Todos os 17 estudantes que foram admitidos na turma noturna neste ano fiscal têm origem no exterior, disseram autoridades.

Mie é outro prefecture onde não há nenhum plano até considerar oferecer uma classe de escola secundária júnior da noite.

Oficiais do governo da província raciocinaram que as aulas de japonês estão atualmente disponíveis nas cidades de Suzuka, Tsu e Yokkaichi e que o apoio à aprendizagem está sendo fornecido pelos governos municipais aos alunos do ensino fundamental e do ensino fundamental.

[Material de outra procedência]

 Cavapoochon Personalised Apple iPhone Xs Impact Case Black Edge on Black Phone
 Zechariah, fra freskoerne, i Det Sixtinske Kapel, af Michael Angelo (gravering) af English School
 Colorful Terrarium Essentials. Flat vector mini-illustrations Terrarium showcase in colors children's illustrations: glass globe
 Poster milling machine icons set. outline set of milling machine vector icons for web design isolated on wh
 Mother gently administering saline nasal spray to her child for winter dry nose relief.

Importancia para a sociedade

Figuras do Zenkoku Yakan Chugakko Kenkyukai (associação japonesa de escolas juniores), que organiza aulas noturnas realizadas em escolas públicas, mostram que os recém-chegados ao Japão foram responsáveis ​​por 1.215, ou mais de 70 por cento, de todos os alunos em classes semelhantes. em setembro de 2018, um aumento de 1,5 vezes de 787 uma década antes em setembro de 2008.

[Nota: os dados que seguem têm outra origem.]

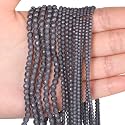 4mm 90pcs Natural Matte Black Hematite Stone Beads, Songxi Small Faceted Round Loose Gemstone Beads for Jewelry Making, DIY Art and Craft, Bracelet for Necklace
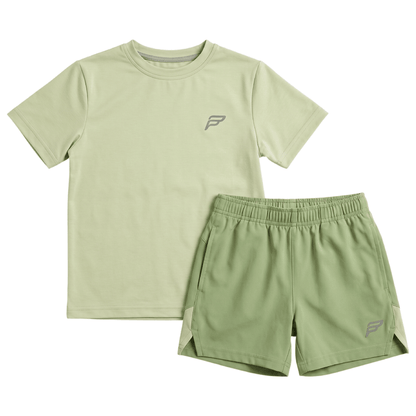 Frequency Junior's 2-Piece Co-Ord Set – Pastel Green   (T-Shirt & Shorts)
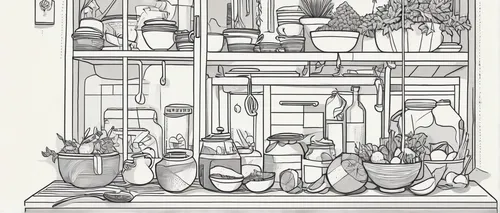 Compose a suspenseful story about a raddish that mysteriously disappears from the kitchen.,house plants,coloring page,kitchen shop,apothecary,potted plants,shelves,pantry,houseplant,flower shop,kitche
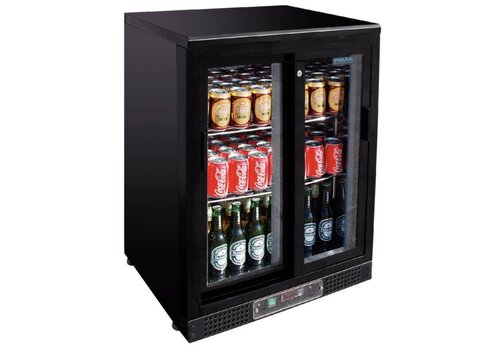  Polar Barkoelkast zwart met schuifdeur | 92,5x60x54 cm 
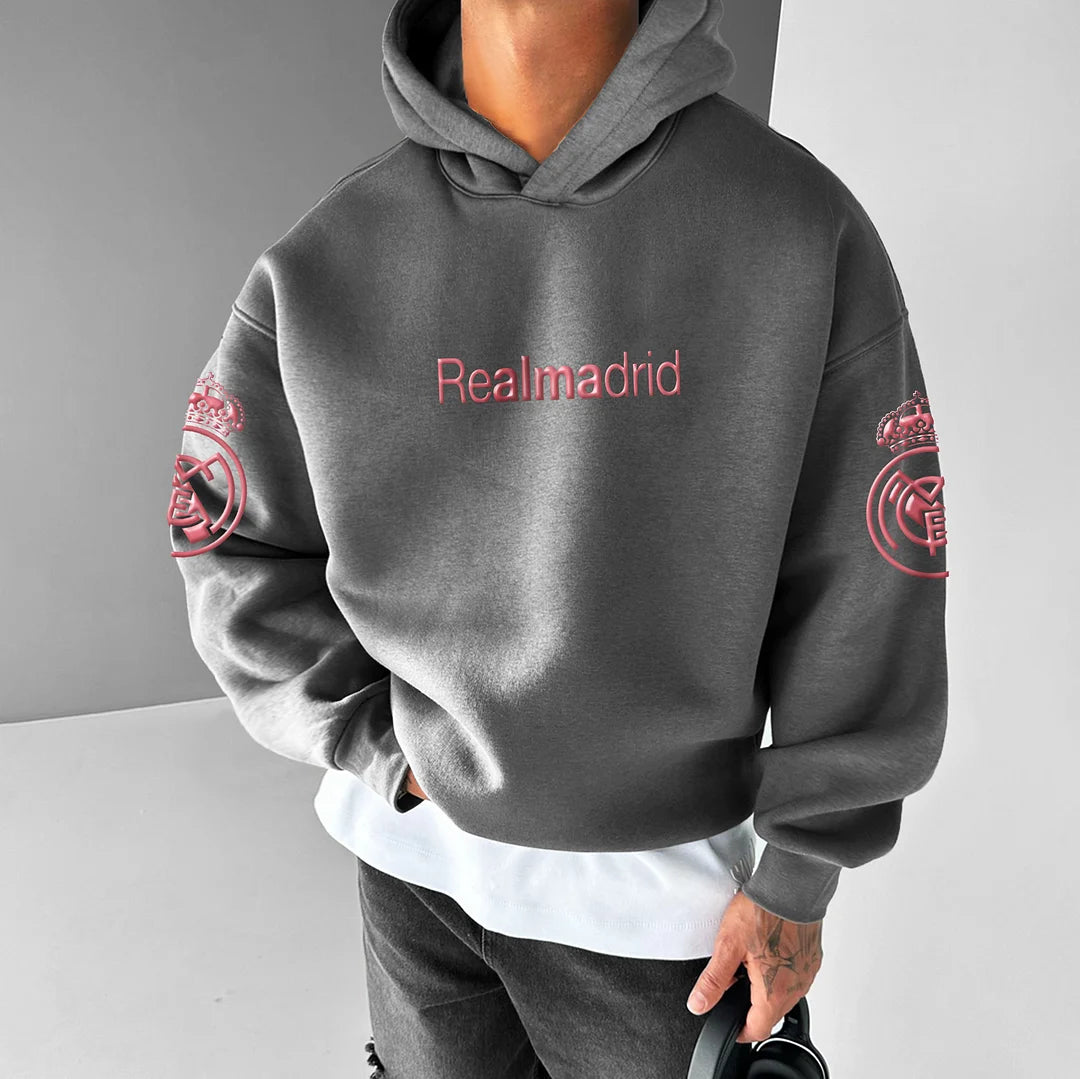 Men's Oversized Hoodie with Football Print for Casual Wear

“Somos o último bastião da educação obrigatória”, disse Akiyoshi Takeshima, professor da escola secundária municipal Tenma, em Osaka, que serve como secretário-geral da associação de classe noturna. “Os professores noturnos do Japão respeitam a dignidade e a identidade de todos os seus alunos, sejam eles japoneses ou não de origem, e, assim, assumem a responsabilidade pela educação obrigatória.”

A turma noturna do Tenma Junior High inscreve 64 alunos, com idades entre os adolescentes e os 90 anos. No começo da primavera, 10 jovens nepaleses se juntaram à turma de Tenma em massa.

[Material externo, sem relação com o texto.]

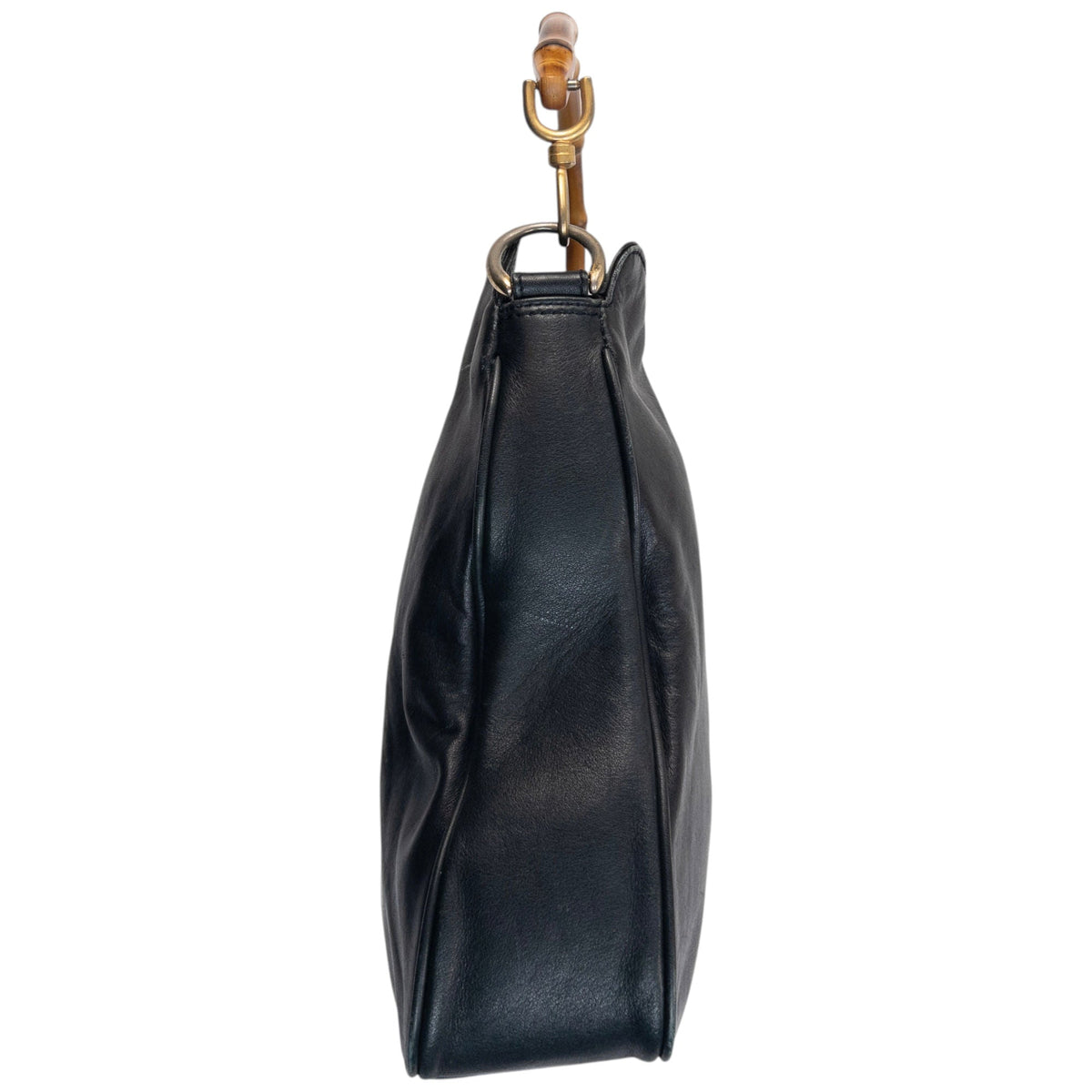 Vintage 90s Gucci Bamboo Handle Shoulder Bag | O/S, Black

Takeshima não se contenta com os governos locais, citando a falta de demanda, ou dificuldade em encontrar demanda, como uma desculpa para se opor à criação de turmas do ensino médio noturno.

“Não é fácil para os moradores de comunidades sem uma escola secundária à noite imaginarem a necessidade de uma”, disse ele. “Você nunca pode aproveitar uma demanda para essa escola a menos que você tenha aberto uma.”

Organizações sem fins lucrativos são os operadores de programas de reaprendizagem em comunidades que não hospedam escolas secundárias noturnas.

A Torcida, uma organização sem fins lucrativos com sede na Toyota, província de Aichi, opera a escola de idioma japonês “Curso Sol Nascente”, perto da estação Shin-Toyota. Cerca de 40 estudantes não-japoneses compareceram à CSN no último ano fiscal.

“Há muitos jovens que já passaram da idade escolar na região de Tokai, que querem obter um diploma do ensino médio como pré-requisito para ir a a faculdade”, disse o representante da Torcida, Kiyoe Ito.

Ito apontou que deveria haver um local que permitisse que os jovens da idade escolar recebessem uma educação, seja durante o dia ou à noite.

“O essencial é fornecer pontos de contato com a sociedade japonesa e o povo japonês (para esses jovens excedentes)”, disse ela. “As escolas provavelmente devem servir como pontos de contato semelhantes, porque são entendidas pela sociedade como um lugar para elas, e também porque as escolas lhes dão oportunidades de forjar laços com os japoneses.”

Os números do ministério da educação mostram que 122 examinandos, um número recorde na última década, participaram do exame de equivalência do ensino médio no ano fiscal de 2017, em comparação a 75 no ano fiscal de 2008. Sessenta e seis dos examinandos eram não-japoneses no ano fiscal de 2017.

“Nacionais não-japoneses, incluindo asiáticos, respondem por cerca de metade de todos os exames a cada ano, muitos deles com menos de 20 anos”, disse uma autoridade do ministério.